General Motors sold more full-size pickup trucks than its two most direct competitors – Ford Motor Company and Fiat Chrysler Automobiles. The General sold 197,743 combined units of the Chevrolet Silverado and GMC Sierra, which individually accounted for 144,734 deliveries and 53,009 deliveries, respectively.
By comparison, Ford reported 186,562 deliveries of the F-Series while FCA delivered 128,805 units of the Ram Pickup.

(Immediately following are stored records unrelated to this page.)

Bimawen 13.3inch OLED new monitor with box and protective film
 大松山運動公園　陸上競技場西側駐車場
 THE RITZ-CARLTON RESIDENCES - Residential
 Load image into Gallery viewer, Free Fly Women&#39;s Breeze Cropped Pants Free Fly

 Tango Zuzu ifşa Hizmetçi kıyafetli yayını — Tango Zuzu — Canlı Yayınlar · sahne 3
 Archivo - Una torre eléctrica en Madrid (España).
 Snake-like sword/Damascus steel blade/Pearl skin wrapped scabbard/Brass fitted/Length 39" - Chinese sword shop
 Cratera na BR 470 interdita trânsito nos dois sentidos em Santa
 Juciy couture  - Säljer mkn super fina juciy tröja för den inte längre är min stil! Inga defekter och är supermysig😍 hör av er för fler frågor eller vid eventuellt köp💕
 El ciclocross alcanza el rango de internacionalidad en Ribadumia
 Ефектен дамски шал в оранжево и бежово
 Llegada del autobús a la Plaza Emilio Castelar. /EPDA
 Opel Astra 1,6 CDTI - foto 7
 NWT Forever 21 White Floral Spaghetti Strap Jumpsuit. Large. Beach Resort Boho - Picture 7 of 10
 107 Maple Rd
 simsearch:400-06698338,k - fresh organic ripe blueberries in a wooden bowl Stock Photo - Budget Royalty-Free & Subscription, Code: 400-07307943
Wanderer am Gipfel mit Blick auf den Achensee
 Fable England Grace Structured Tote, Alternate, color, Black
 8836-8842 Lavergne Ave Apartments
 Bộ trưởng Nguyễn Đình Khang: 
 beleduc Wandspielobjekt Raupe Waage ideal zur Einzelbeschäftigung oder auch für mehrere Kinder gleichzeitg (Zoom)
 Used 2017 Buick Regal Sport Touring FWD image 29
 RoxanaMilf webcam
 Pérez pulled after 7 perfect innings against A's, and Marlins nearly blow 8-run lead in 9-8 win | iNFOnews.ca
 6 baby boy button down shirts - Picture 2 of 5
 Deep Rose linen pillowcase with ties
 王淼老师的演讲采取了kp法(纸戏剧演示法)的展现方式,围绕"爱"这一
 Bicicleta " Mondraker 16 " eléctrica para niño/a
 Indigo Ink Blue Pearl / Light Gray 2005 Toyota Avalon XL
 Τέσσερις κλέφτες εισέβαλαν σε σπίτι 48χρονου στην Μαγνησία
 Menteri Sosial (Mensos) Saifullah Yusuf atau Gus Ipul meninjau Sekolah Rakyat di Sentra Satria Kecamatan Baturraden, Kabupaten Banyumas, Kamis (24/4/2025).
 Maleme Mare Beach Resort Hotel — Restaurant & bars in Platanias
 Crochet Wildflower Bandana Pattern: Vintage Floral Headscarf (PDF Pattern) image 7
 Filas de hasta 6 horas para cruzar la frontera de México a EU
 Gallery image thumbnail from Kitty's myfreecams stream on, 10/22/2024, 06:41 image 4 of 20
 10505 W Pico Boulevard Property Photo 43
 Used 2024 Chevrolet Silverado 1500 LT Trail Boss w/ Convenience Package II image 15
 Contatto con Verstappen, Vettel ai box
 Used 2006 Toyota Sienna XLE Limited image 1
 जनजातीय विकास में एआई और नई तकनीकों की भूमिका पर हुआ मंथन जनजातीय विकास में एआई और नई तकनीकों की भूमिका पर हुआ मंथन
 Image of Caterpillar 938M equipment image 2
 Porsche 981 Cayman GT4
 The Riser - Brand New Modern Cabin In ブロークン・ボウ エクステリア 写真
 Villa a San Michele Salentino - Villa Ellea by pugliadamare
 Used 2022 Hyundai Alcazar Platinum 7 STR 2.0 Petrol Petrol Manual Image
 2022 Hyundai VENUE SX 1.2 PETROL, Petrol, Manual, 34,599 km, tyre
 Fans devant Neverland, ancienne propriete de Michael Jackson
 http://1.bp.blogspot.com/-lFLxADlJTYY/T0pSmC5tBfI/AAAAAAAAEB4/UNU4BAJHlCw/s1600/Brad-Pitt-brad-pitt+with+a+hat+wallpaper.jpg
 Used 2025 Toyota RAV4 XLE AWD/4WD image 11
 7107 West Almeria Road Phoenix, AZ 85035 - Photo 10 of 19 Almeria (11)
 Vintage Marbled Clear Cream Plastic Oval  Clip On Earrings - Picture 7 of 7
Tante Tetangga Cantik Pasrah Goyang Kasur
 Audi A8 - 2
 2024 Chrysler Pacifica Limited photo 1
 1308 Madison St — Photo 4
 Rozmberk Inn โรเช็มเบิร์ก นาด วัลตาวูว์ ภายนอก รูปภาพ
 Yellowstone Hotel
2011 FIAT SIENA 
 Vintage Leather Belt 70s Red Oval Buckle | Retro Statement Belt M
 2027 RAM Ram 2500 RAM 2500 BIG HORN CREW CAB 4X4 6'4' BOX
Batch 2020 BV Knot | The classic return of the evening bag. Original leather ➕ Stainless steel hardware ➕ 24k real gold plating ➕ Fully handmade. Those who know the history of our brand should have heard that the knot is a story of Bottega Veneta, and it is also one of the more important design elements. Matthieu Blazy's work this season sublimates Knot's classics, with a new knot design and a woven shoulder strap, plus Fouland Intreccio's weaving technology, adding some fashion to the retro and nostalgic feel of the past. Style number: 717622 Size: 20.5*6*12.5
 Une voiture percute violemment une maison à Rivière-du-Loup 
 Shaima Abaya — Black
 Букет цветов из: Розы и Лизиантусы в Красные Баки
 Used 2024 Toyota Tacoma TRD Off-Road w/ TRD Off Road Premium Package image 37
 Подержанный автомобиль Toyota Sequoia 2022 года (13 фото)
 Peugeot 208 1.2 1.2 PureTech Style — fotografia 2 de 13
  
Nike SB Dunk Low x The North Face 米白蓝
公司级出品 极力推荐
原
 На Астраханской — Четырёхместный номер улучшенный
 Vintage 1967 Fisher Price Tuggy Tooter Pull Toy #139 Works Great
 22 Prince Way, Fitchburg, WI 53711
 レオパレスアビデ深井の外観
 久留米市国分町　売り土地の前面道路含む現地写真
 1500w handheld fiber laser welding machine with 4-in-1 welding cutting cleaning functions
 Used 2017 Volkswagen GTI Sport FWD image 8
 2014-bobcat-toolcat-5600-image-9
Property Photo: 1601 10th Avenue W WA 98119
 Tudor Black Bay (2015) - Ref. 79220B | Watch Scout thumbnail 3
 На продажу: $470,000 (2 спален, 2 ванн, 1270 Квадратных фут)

Full-Size Pickup Truck Sales - Q1 2020 - USA
|MODEL||Q1 20 / Q1 19||Q1 20||Q1 19||Q1 20 SHARE||Q1 19 SHARE|
|RAM RAM PICKUP||+7.31%||128,805||120,026||24%||23%|
Combined, GM’s two pickup trucks accounted for 37 percent segment share, up 7 percentage points compared to the 30 percent share in the year-ago quarter. Meanwhile, Ford’s F-Series – which is comprised mostly of the popular F-150 – held a 35 percent share, down 6 percentage points from the 41 percent share a year ago. Ram held a 24 percent share, up 1 percentage point from Q1 2019. The Toyota Tundra accounted for 4 percent segment share, down 1 percentage point, while the Nissan Titan accounted for 1 percent, down 1 percentage point from.
The first quarter 2020 results represent an overwhelmingly positive first quarter for GM, despite the ongoing COVID-19 pandemic, which analysts estimate cost GM anywhere between 15 and 25 days of sales volume during the tail end of the first quarter. Pickup trucks are extremely profitable and account for a significant portion of GM’s bottom line.
Another major highlight for GM truck sales during Q1 is that its Chevrolet Silverado outsold the Ram Pickup. Since the launch of the all-new, 2019 Silverado 1500, the Chevrolet pickup has been consistently outsold by the Ram offering. The circumstance was the result of GM’s strategy to launch the all-new Silverado and Sierra, wherein GM first rolled out high-feature, lower-volume models rather than more affordable lower-end models, which started to show up en masse during the second part of the 2019 calendar year. That approach optimizes revenue and profitability by keeping incentives low and Average Transaction Prices high. Though doubters believed this to be an excuse, GM’s Q1 2020 figures speak for themselves.
Going forward, we expect GM pickup truck sales to decrease substantially during Q2 2020 as a result of the ongoing COVID-19 pandemic, which has resulted in the cessation of all General Motors production in the U.S., Canada, Mexico and Brazil, among other locales. The circumstance is expected to impact all automakers, rather than only GM. Once the pandemic begins to subside, we expect sales of the Silverado and Sierra to continue growing. In fact, sales will likely spike significantly as a result of automakers meeting pent-up demand created during the coronavirus-related slump.